Aptamers are oligonucleotide sequences capable of folding into secondary structures that bind with high affinities to target molecules. We are interested in the discovery of novel aptamers and the use of these aptamers for biomedical applications, ranging from cell manufacturing to targeted drug delivery to SARS-CoV-2 diagnostics.
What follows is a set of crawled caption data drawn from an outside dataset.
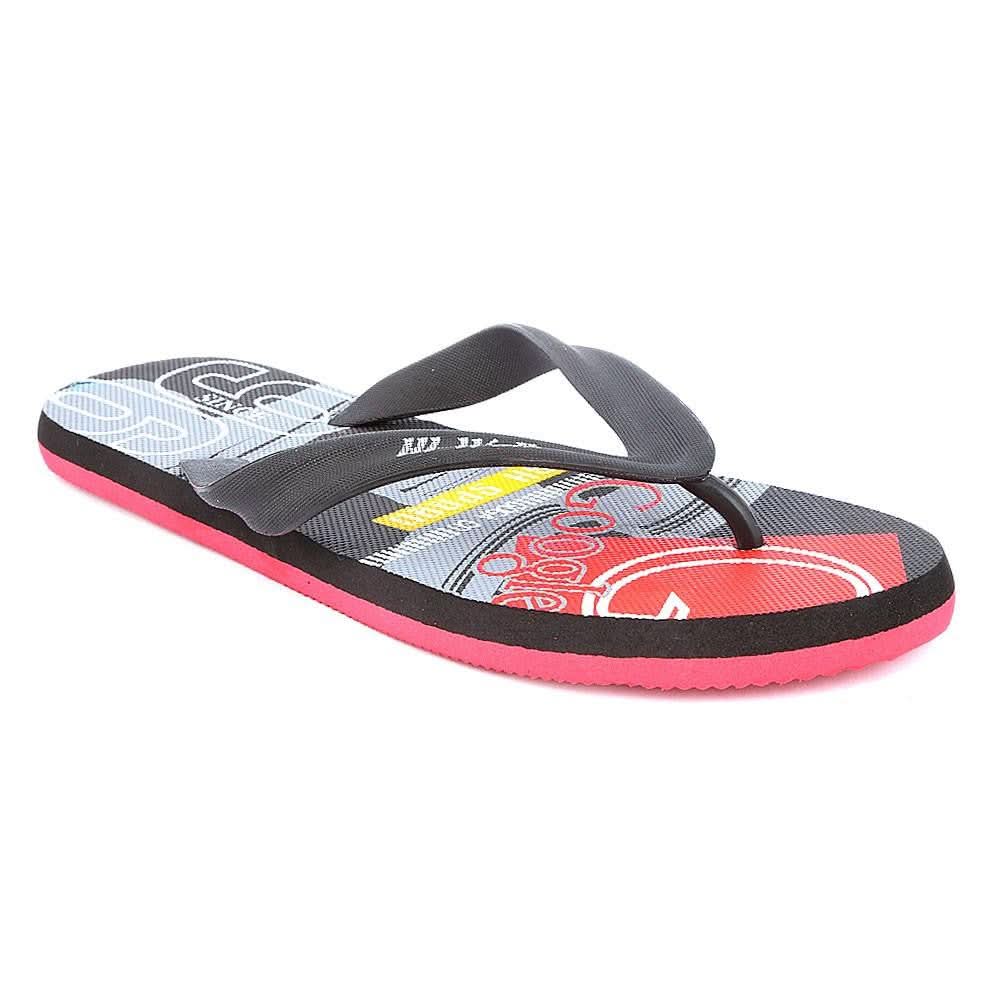 Men's Flip Flops Slippers Hi-Walk - Black - test-store-for-chase-value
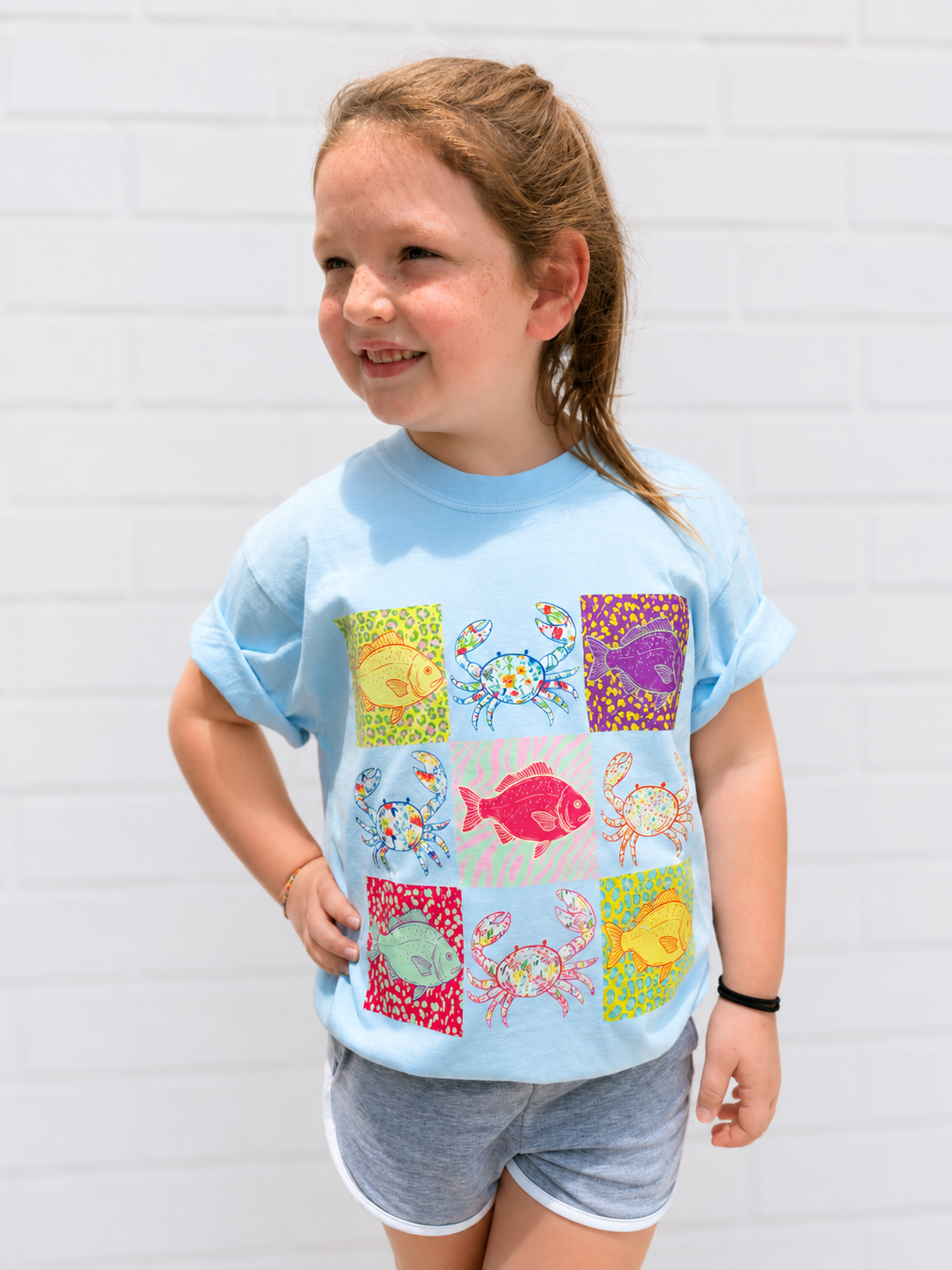 Summer Coastal Crab and Fish Shirt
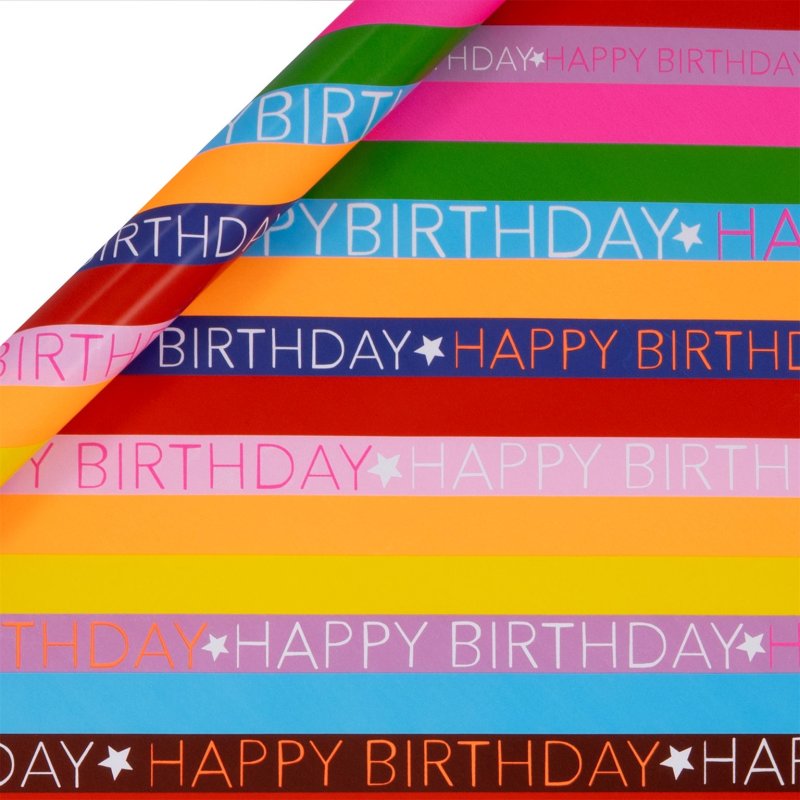 Glick Rollwrap Birthday Slide 4M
1. Cheng, E.L.*, Cardle, I.I.*, Kacherovsky, N.*, Bansia, H.*, Wang, T.*, Zhou, Y-S., Raman, J., Yen, A.,Gutierrez, D., Salipante, S.J., des Georges, A., Jensen, M.C., and Pun, S.H. Discovery of a transferrin receptor 1-binding aptamer and its application in cancer cell depletion for adoptive T-cell therapy manufacturing. Journal of the American Chemical Society 2022, 144(30), 13851-13864
2. Yang, L.F., Kacherovsky, N., Liang, J., Salipante, S.J., and Pun, S.H. SCORe: SARS-CoV-2 Omicron variant RBD-binding DNA aptamer for multiplexed detection and pseudovirus neutralization. Analytical Chemistry 2022, 94(37), 12683-12690
3. Kacherovsky, N.,* Yang, L.F.,* Dang, H.V.,* Cheng, E.L., Cardle, I.I., Walls, A.C., McCallum, M., Sellers, D.L., DiMaio, F., Salipante, S.J., Corti, D., Veesler, D., † and Pun, S.H. † Discovery and characterization of spike N-terminal domain-binding aptamers for rapid SARS-CoV-2 S detection. Angew Chemie 2021, 133, 21381-21385
4. Kacherovsky N*, Cardle II*, Cheng EL, Yu JL, Baldwin ML, Salipante SJ, Jensen MC, and Pun SH. Traceless isolation of CD8+ T cells by reversible, aptamer-based selection for CAR T cell therapy. Nature Biomedical Engineering 2019, 3, 783-795.

We are grateful to the NIH NIBIB and NIAAA for funding support.